Work instruction
Please restate word for word the lines of the entries below from the one with "Peasants Dancing and" to the one with "Erkek Hakki Deri", inclusive, and leave out every picture.

Data to use
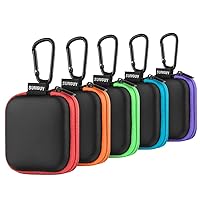 Earbuds Case, SUNGUY【5Pack】 Portable Small Earbud Carrying Case Storage Bag with Carabiner Clip for Earphone, Earbud, Earpieces, SD Memory Card, Camera Chips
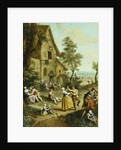 Peasants Dancing and Merry-Making Before a Tavern, a Walled Town Beyond, by Louis Joseph (1731-98) Watteau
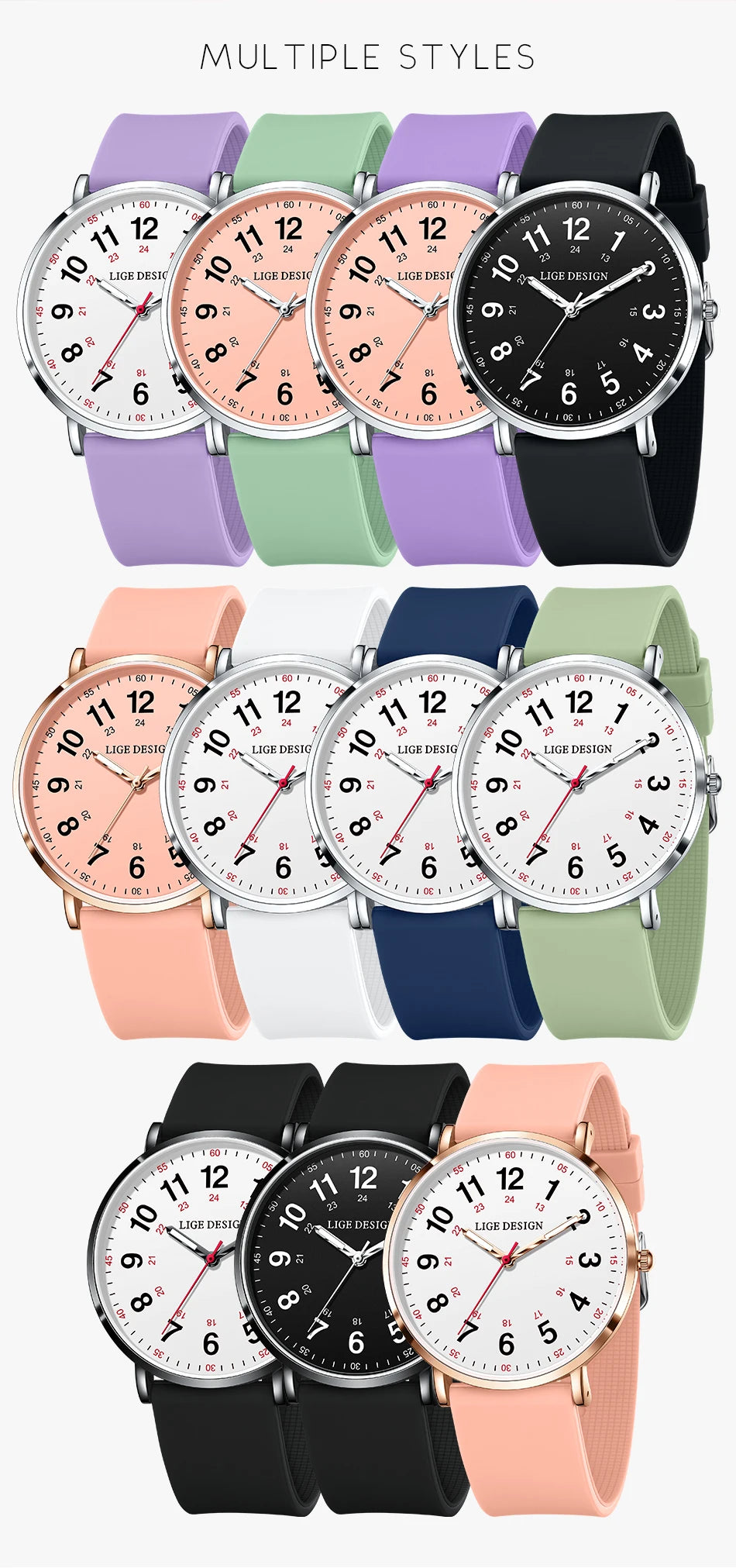 LIGE Fashion Elegant Watch - Candy Color Silicone Luminous Waterproof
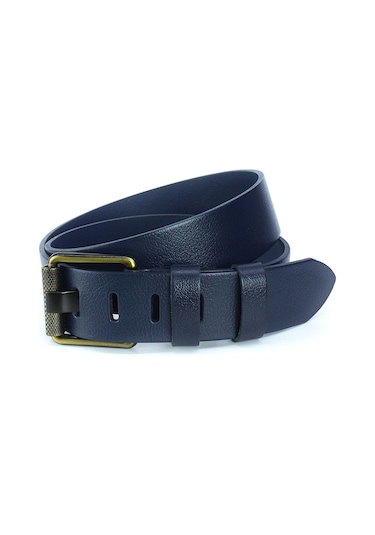Erkek Hakki Deri 4,5 Cm Kot Kemeri Lacivert Lacivert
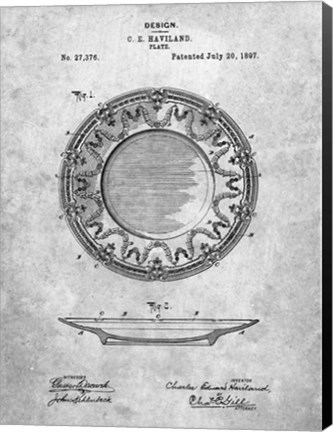 Framed Haviland Plate Patent Print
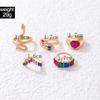 Colorful Crystal Snake Shape Ring Set For Women  Butterfly Heart Gold Color Geometric Rings Female Wedding Finger Jewelry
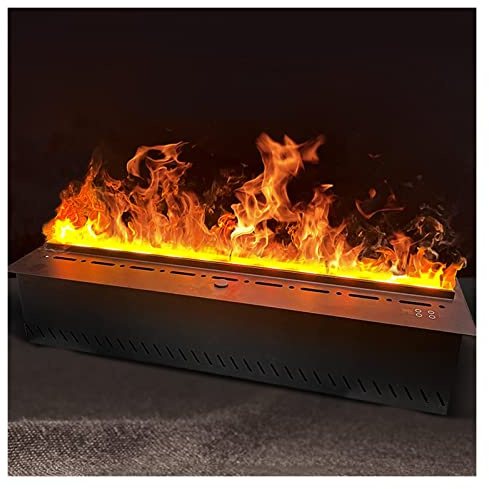 RKVXCJHDR Fireplace 47/59 Inches Fireplace Wall Mounted Silence Electric Fireplace Lifelike Flame Effect with Remote, Metal Panel, Automatically Add Water，Black Indoor Fireplace(150cm)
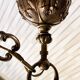 Five-armed golden brass chandelier – neoclassical elegance, Louis XVI spirit.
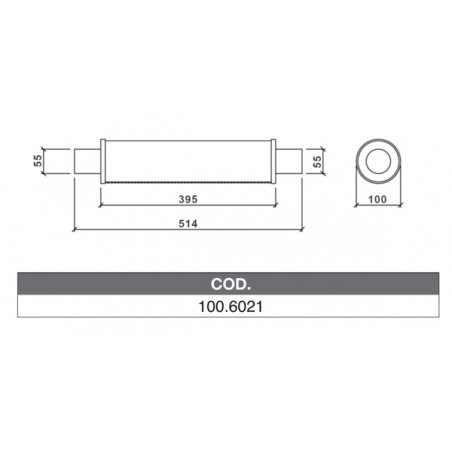 scarico cilindrico da 100mm asso racing 55mm innesto lunghezza 51.4mm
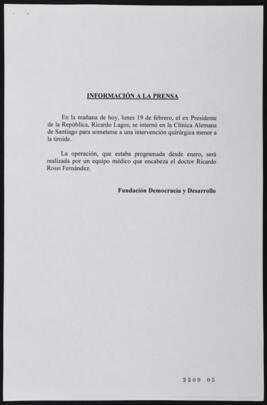 Comunicado de Prensa de Fundación Democracia y Desarrollo relativo a Operación a Tiroides de Rica...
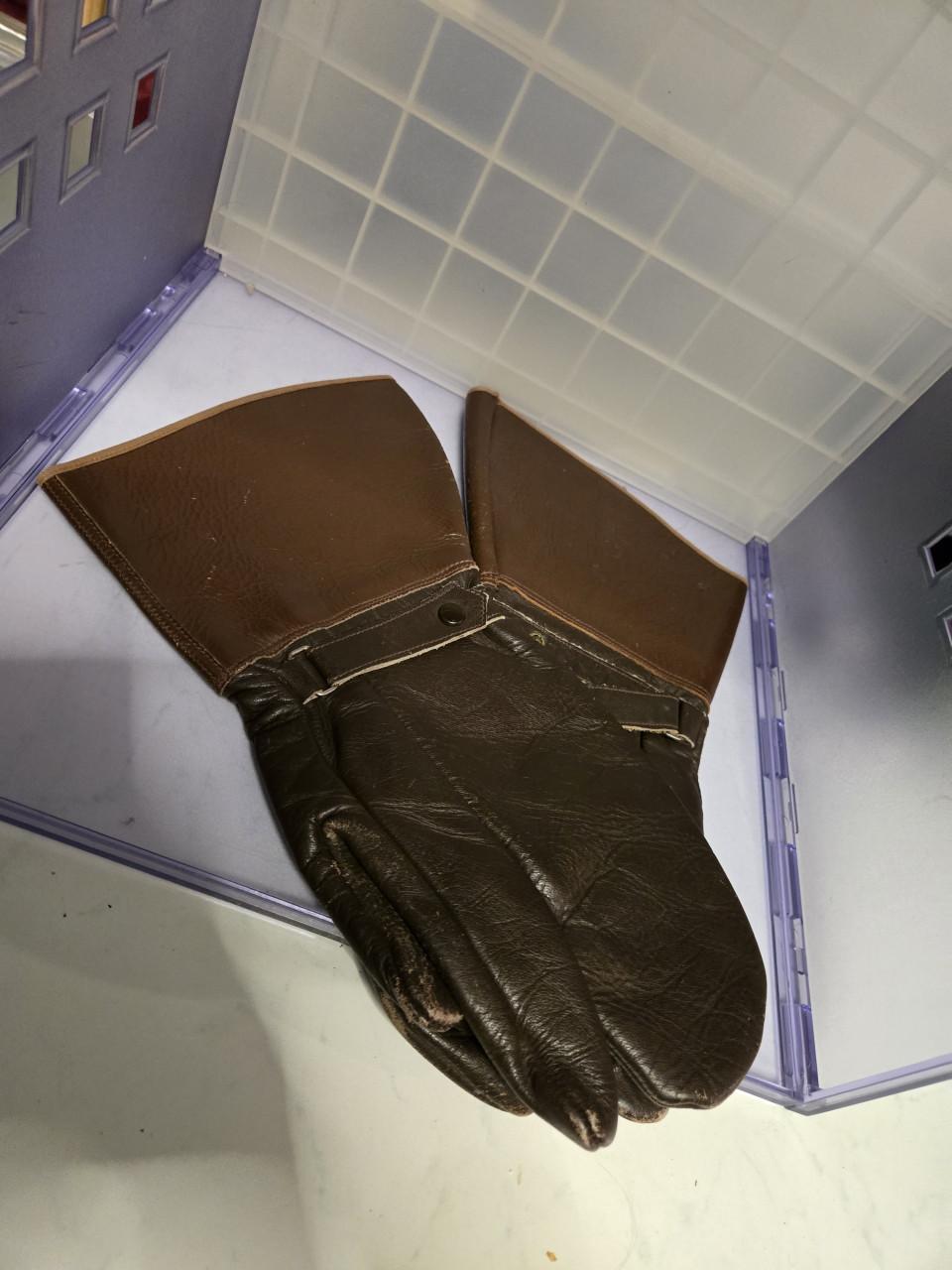 Vintage leren motorwanten,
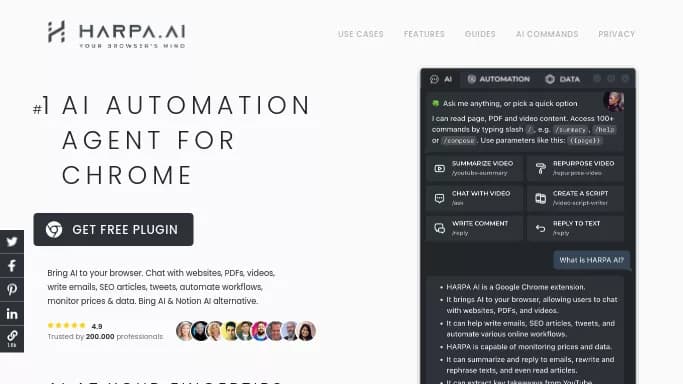 Harpa AI — бесплатная нейросеть   для работы с электронной почтой, , расширения ChatGPT,  для суммаризации текста,  для повышения продуктивности,  для помощи в образовании. 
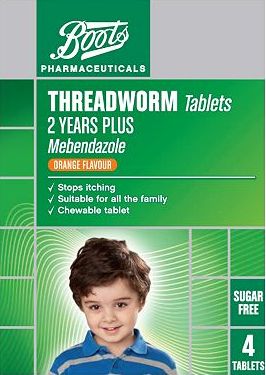 Boots Pharmaceuticals, 2041[^]10033263 Boots Threadworm Tablets - 4 Tablets 10033263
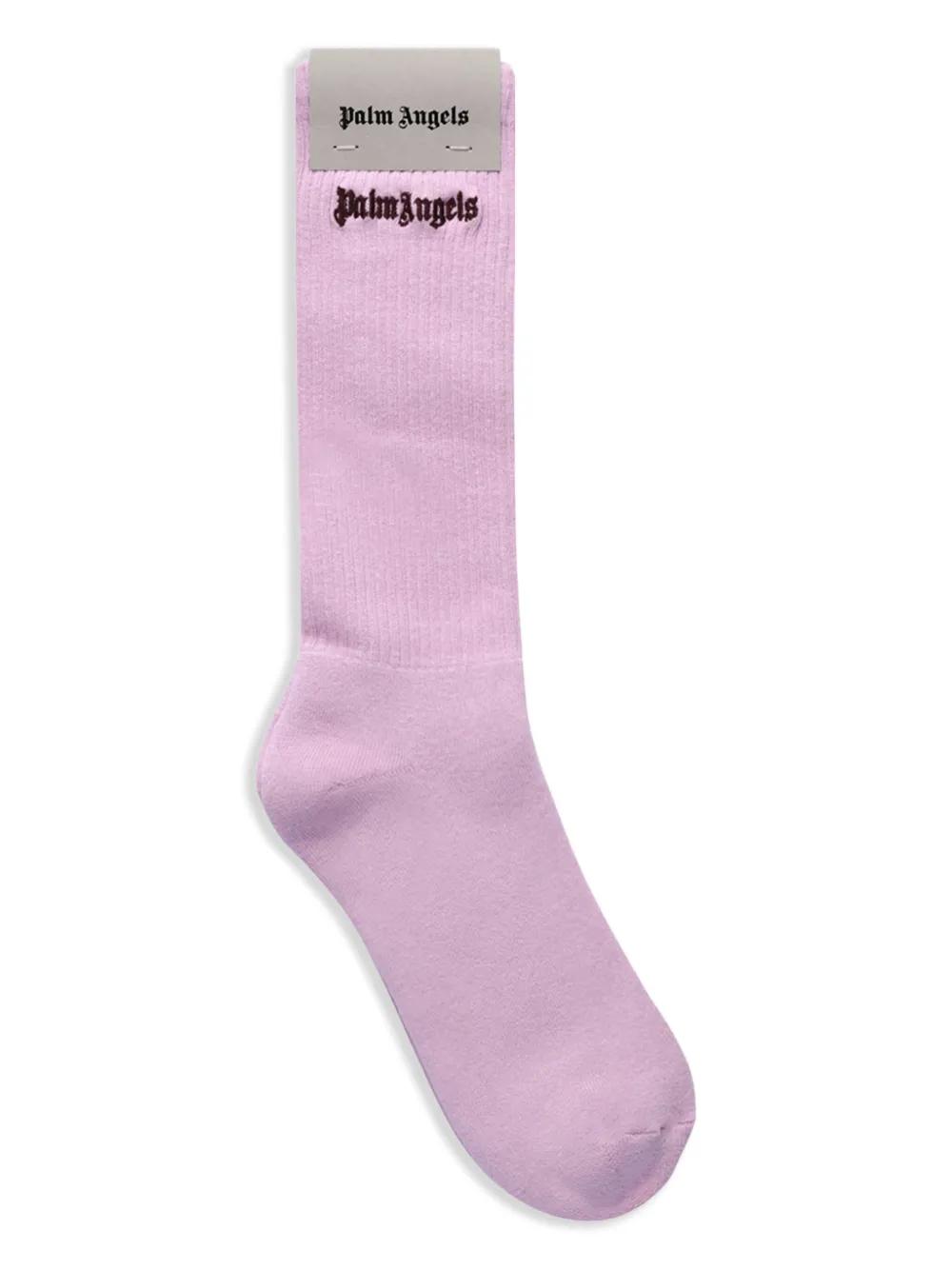 タイツ・ソックス PALM ANGELS Women Socks APWRA005F20FAB0010110 White PALM ANGELS WOMEN EMBROIDERED LOGO SOCKS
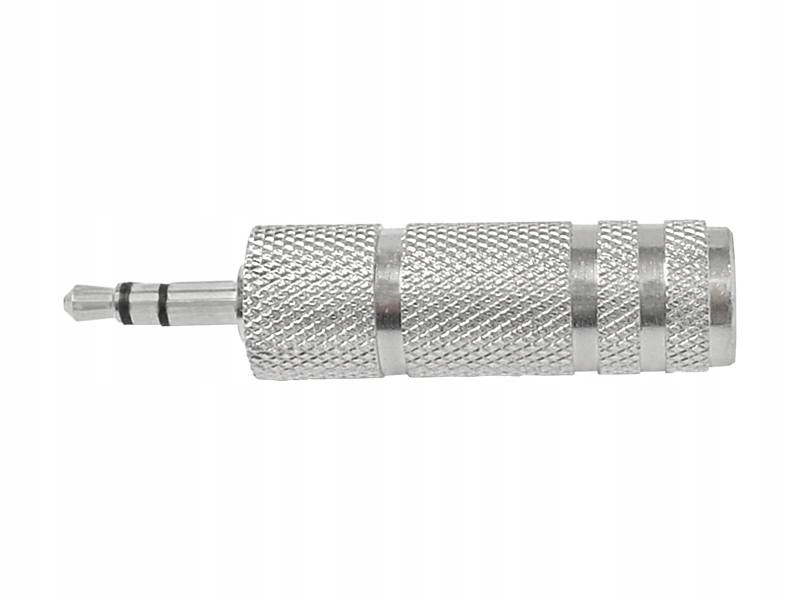 Przejściówka jack 3,5mm jack 6,3mm stereo metal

Result of this exercise
 Peasants Dancing and Merry-Making Before a Tavern, a Walled Town Beyond, by Louis Joseph (1731-98) Watteau
 LIGE Fashion Elegant Watch - Candy Color Silicone Luminous Waterproof
Erkek Hakki Deri 4,5 Cm Kot Kemeri Lacivert Lacivert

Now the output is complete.